### WORK REQUEST
Once the line containing "Cowhide Half Moon" is found, please copy it and all lines after it through the end of the records, exactly, leaving out pictures.

### MATERIAL PROVIDED
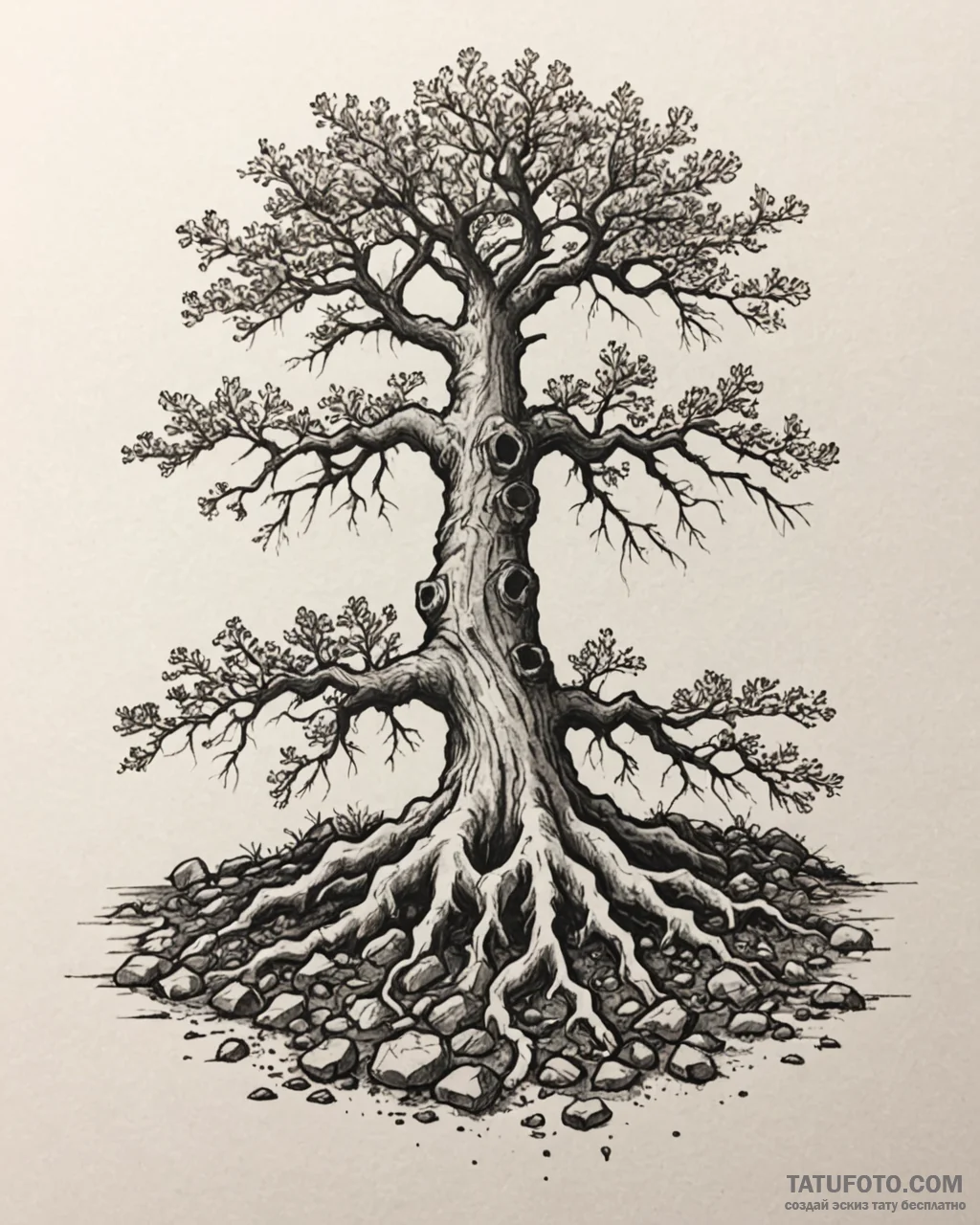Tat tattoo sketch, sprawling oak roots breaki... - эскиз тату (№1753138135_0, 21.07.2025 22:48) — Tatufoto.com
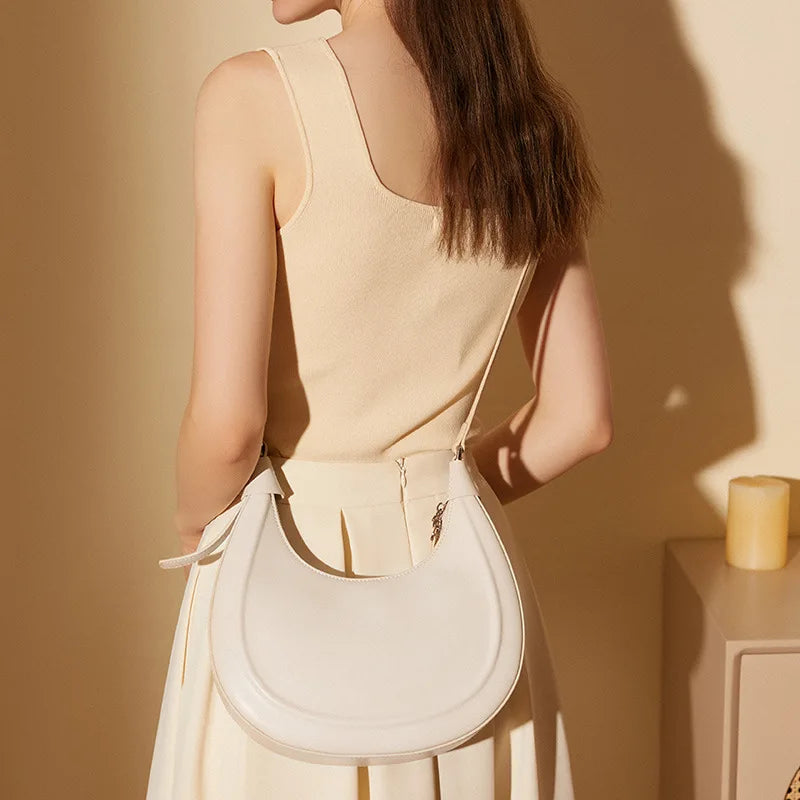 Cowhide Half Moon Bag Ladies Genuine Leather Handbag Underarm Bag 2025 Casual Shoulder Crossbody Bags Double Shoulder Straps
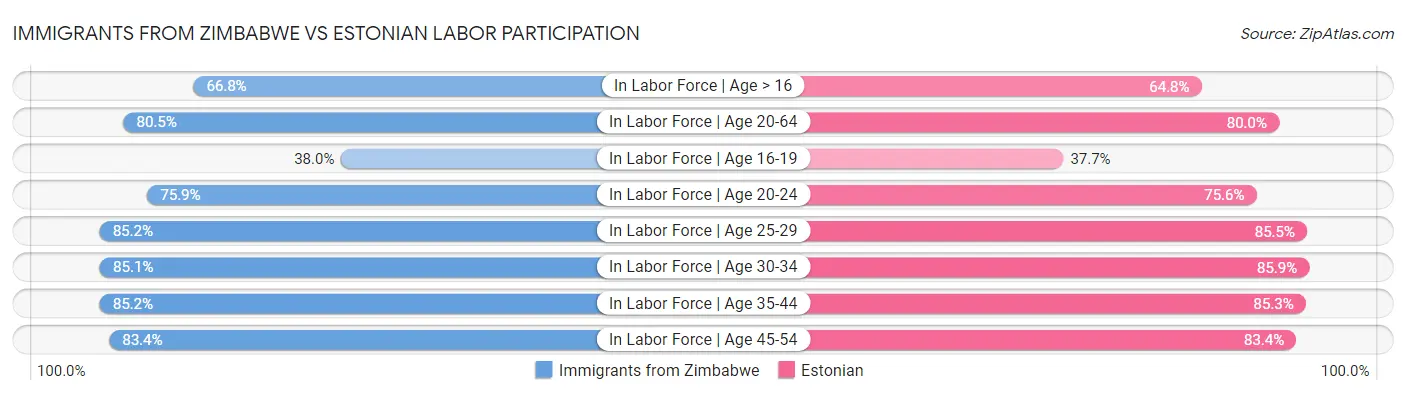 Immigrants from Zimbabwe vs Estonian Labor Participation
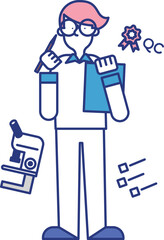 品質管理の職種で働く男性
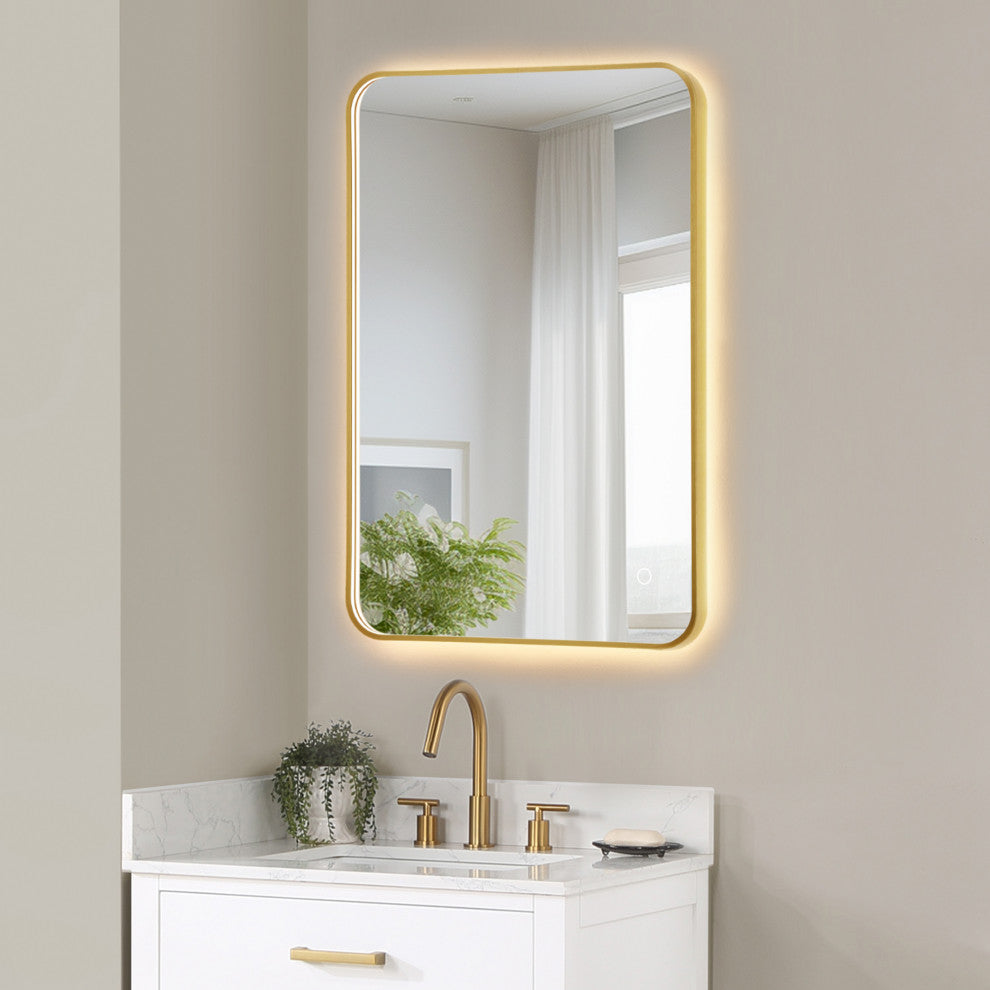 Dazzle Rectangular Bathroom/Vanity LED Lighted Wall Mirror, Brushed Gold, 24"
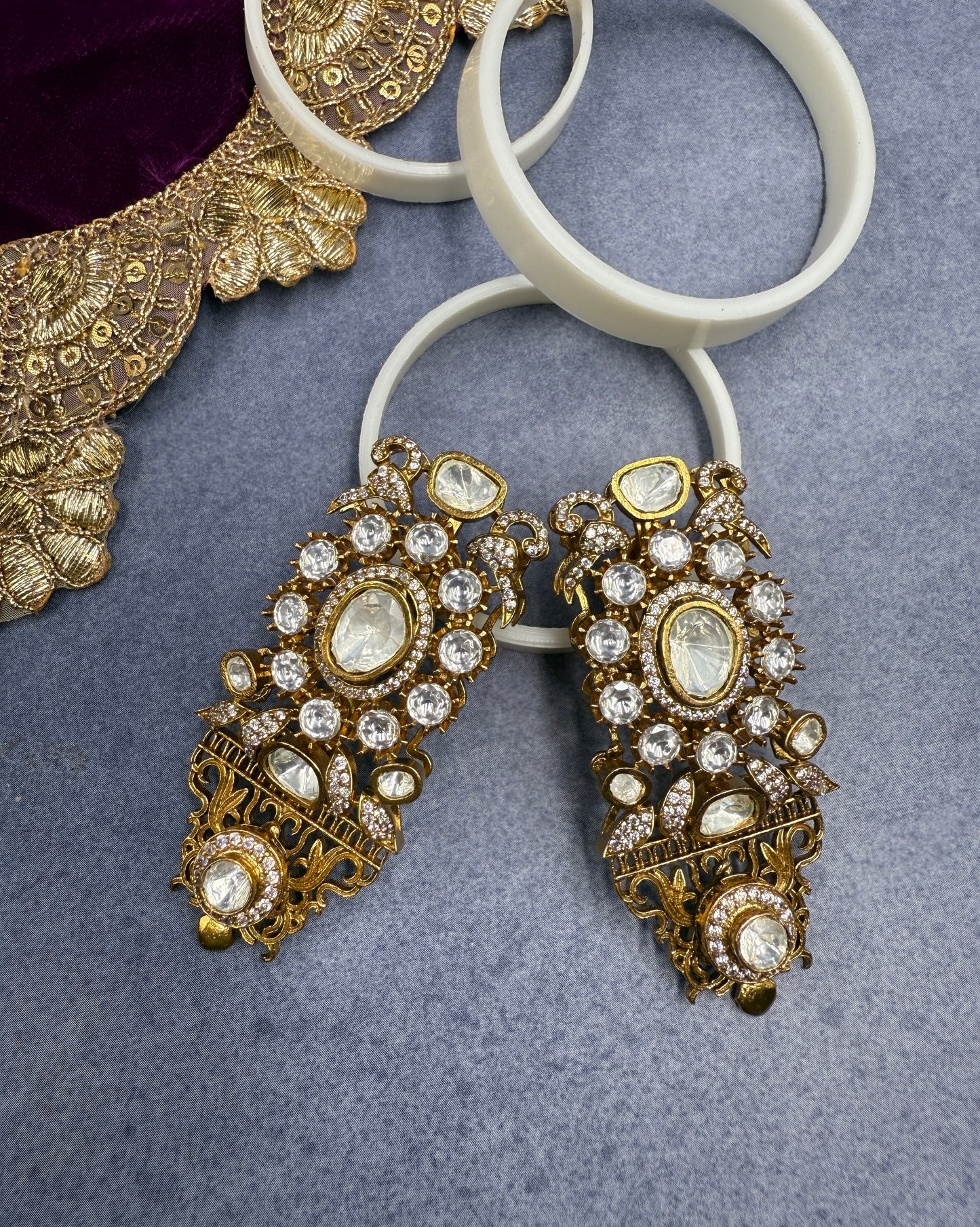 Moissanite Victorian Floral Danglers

### SOLVED PROBLEM
 Cowhide Half Moon Bag Ladies Genuine Leather Handbag Underarm Bag 2025 Casual Shoulder Crossbody Bags Double Shoulder Straps
 Immigrants from Zimbabwe vs Estonian Labor Participation
 品質管理の職種で働く男性
 Dazzle Rectangular Bathroom/Vanity LED Lighted Wall Mirror, Brushed Gold, 24"
 Moissanite Victorian Floral Danglers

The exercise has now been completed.